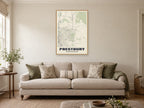 Prestbury Street Map Poster at A1, in a natural wood frame, in a sitting room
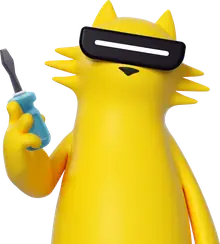 realmeow, la mascota amarilla de realme, sosteniendo un destornillador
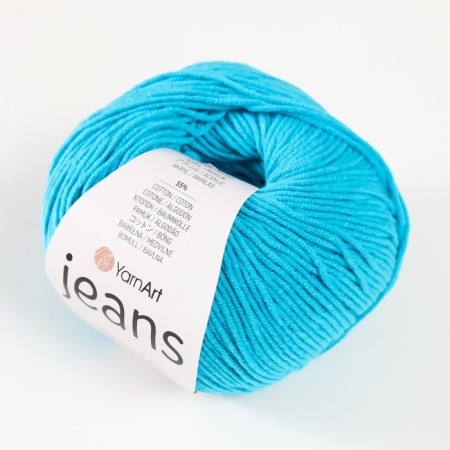 Jeans yarn 55% cotton, 45% acrylic 160m/50g (55 bright turquoise)-2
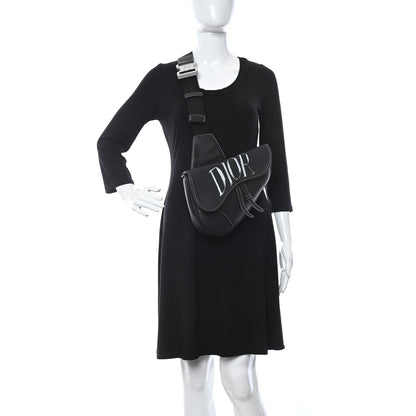 Christian Dior X SHAWN STUSSY Grained Calfskin Saddle Bag Black 2 of 12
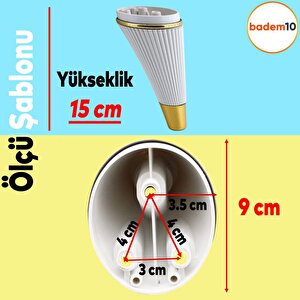 Iron Lüks Mobilya Kanepe Sehpa Tv Ünitesi Çekyat Koltuk Ayağı 15 Cm Krem Gold Baza Ayakları
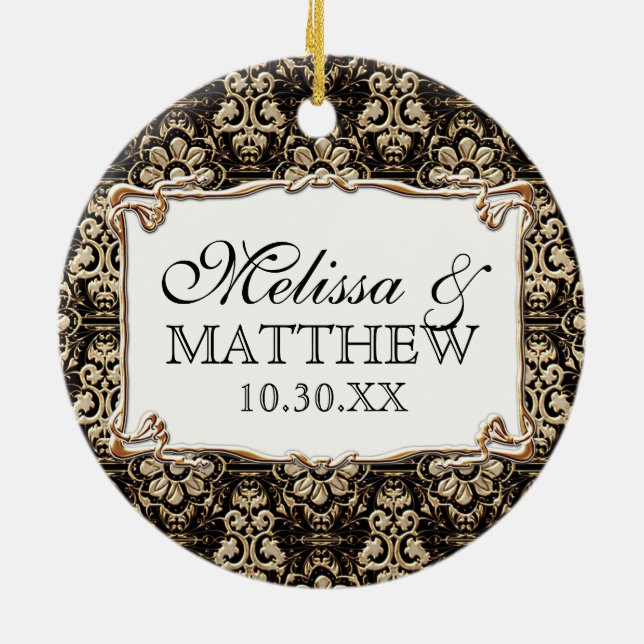 Guld- blom- damastast snöre för art décoNouveau Julgransprydnad Keramik (Baksidan)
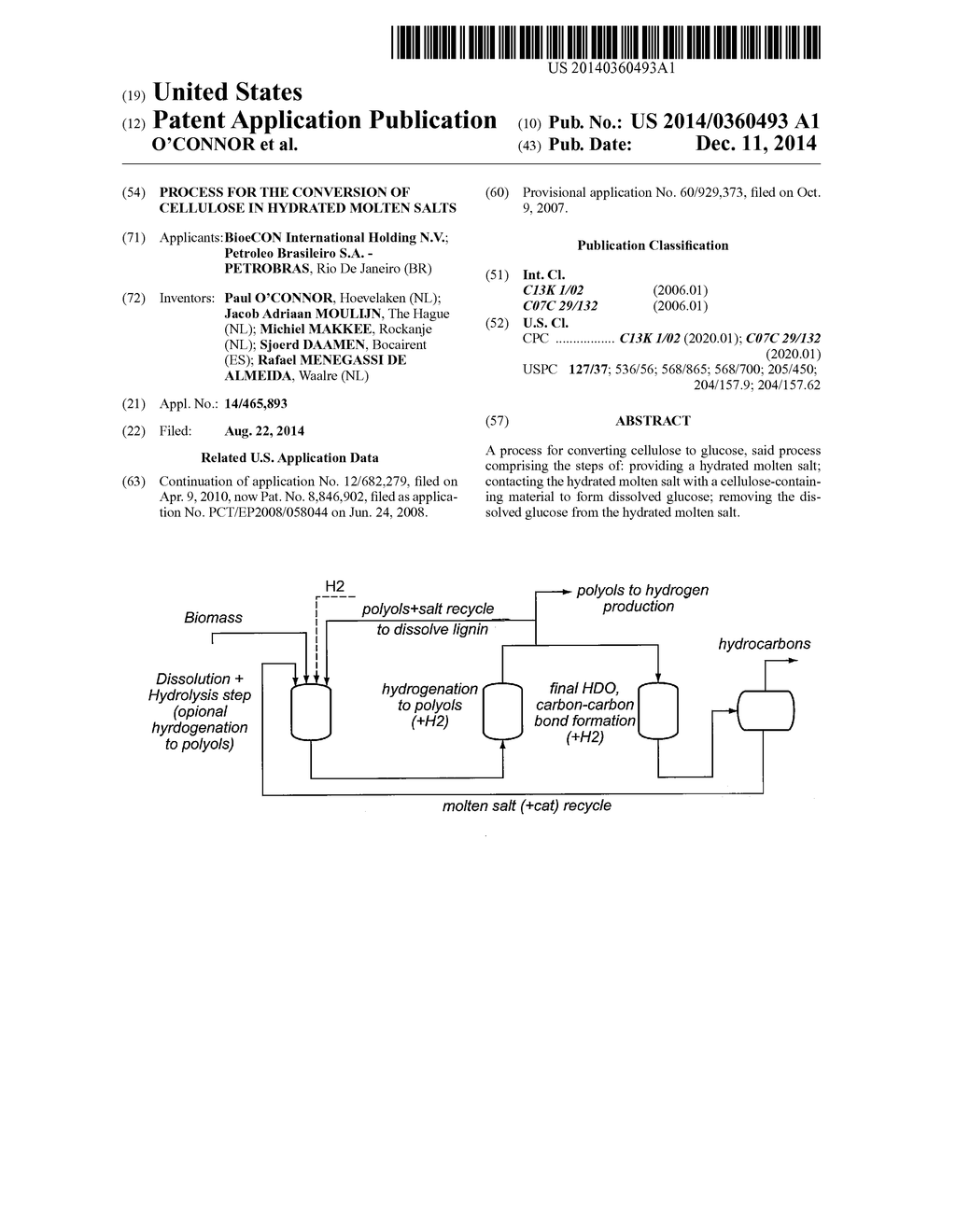 PROCESS FOR THE CONVERSION OF CELLULOSE IN HYDRATED MOLTEN SALTS - diagram, schematic, and image 01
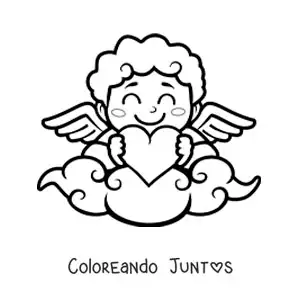 Cupido animado con un corazón en una nube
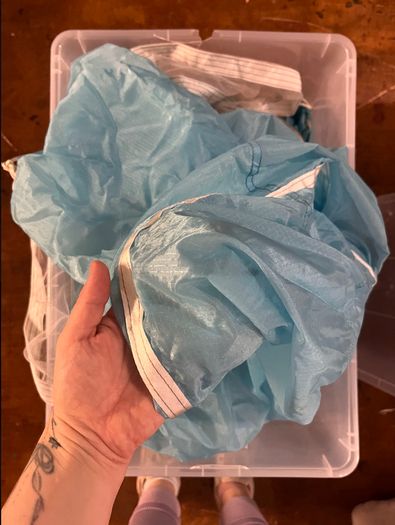 Large Sheer Draping & Blue/White Airscape Fabric Lot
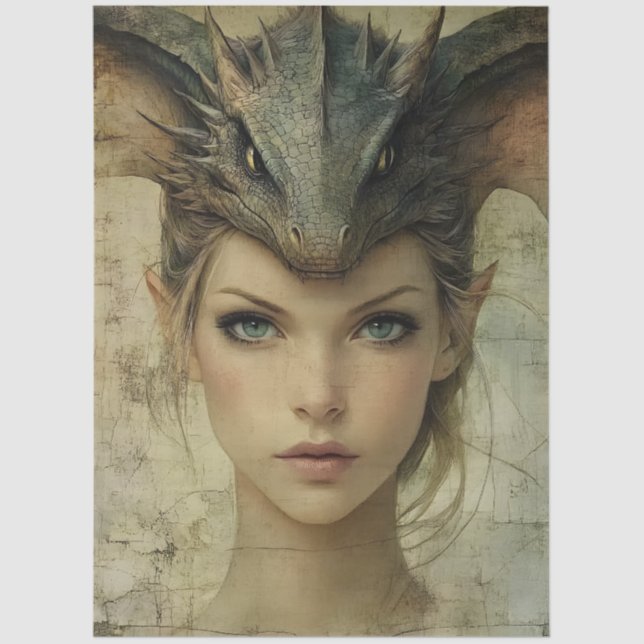 Gothic Mythological Nymph Fantasy Dragon Tissue Paper (Front)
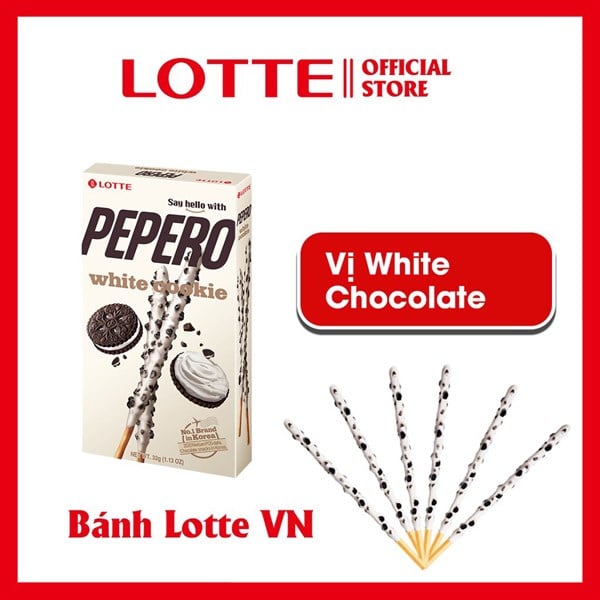 Bánh que Pepero Lotte Hàn Quốc vị white cookie (32g)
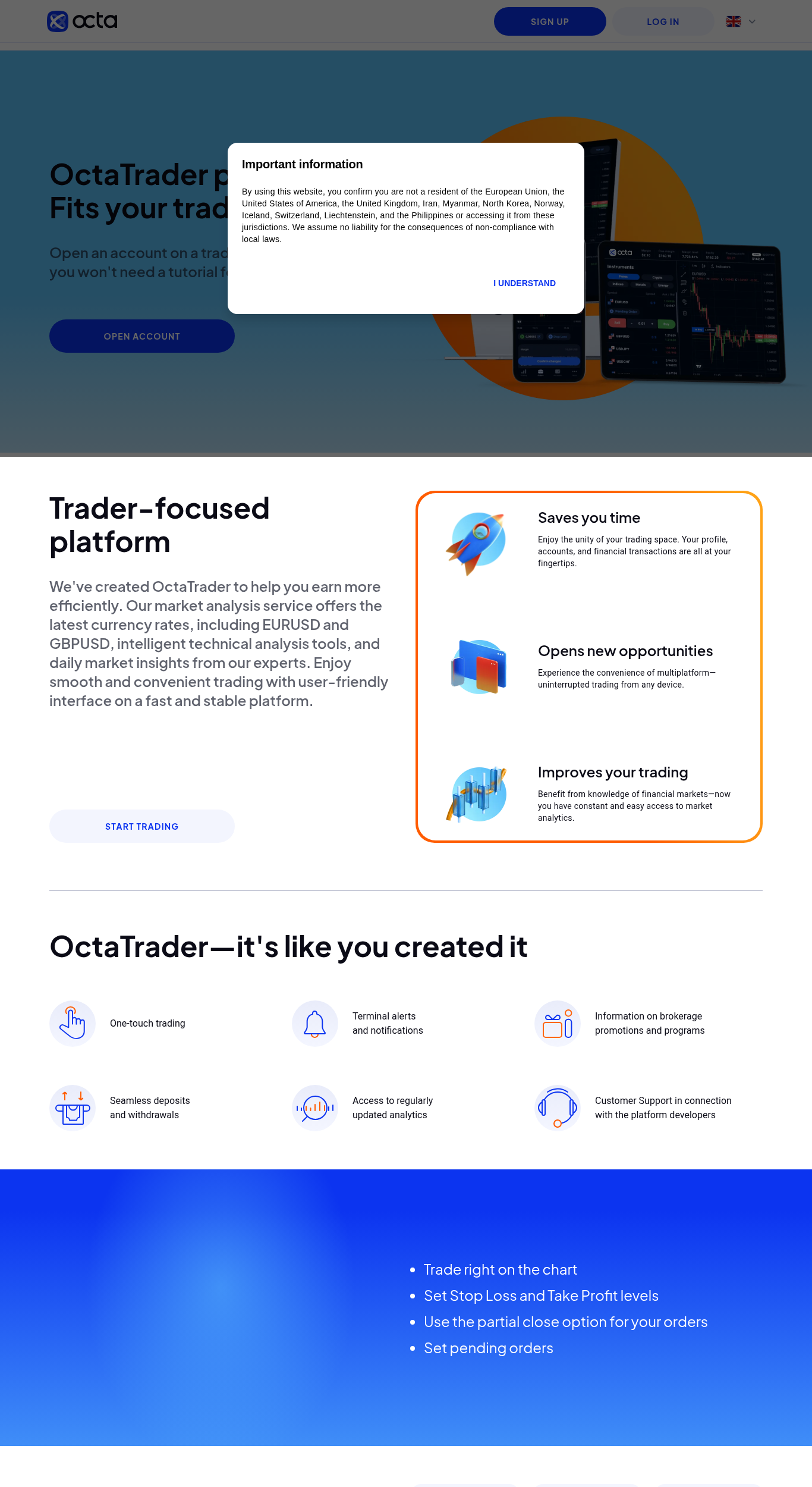 OctaTrader Platform Interface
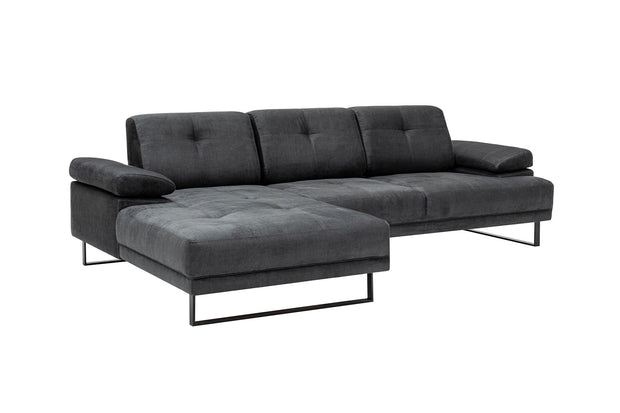 Ecksofa mit Chaiselongue Links, 3-Sitzer, aus Stoff, Mustang Small Anthrazit (5)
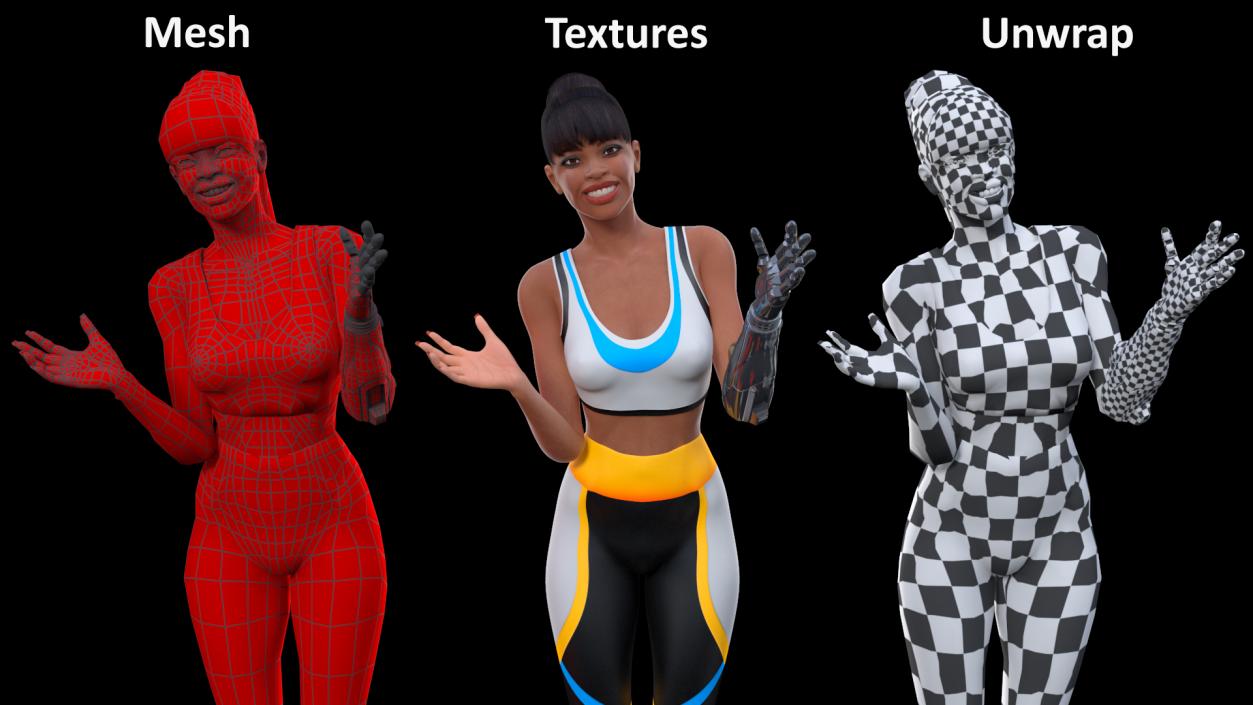 3D model Woman Wearing Modular Prosthetic Limb Talking Pose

********

Directions => Send back the data above word for word, with the pictures left out.

Response =>
 Prestbury Street Map Poster at A1, in a natural wood frame, in a sitting room
 realmeow, la mascota amarilla de realme, sosteniendo un destornillador
 Jeans yarn 55% cotton, 45% acrylic 160m/50g (55 bright turquoise)-2
 Christian Dior X SHAWN STUSSY Grained Calfskin Saddle Bag Black 2 of 12
 Iron Lüks Mobilya Kanepe Sehpa Tv Ünitesi Çekyat Koltuk Ayağı 15 Cm Krem Gold Baza Ayakları
 Guld- blom- damastast snöre för art décoNouveau Julgransprydnad Keramik (Baksidan)
 PROCESS FOR THE CONVERSION OF CELLULOSE IN HYDRATED MOLTEN SALTS - diagram, schematic, and image 01
 Cupido animado con un corazón en una nube
 Large Sheer Draping & Blue/White Airscape Fabric Lot
 Gothic Mythological Nymph Fantasy Dragon Tissue Paper (Front)
 Bánh que Pepero Lotte Hàn Quốc vị white cookie (32g)
 OctaTrader Platform Interface
 Ecksofa mit Chaiselongue Links, 3-Sitzer, aus Stoff, Mustang Small Anthrazit (5)
 3D model Woman Wearing Modular Prosthetic Limb Talking Pose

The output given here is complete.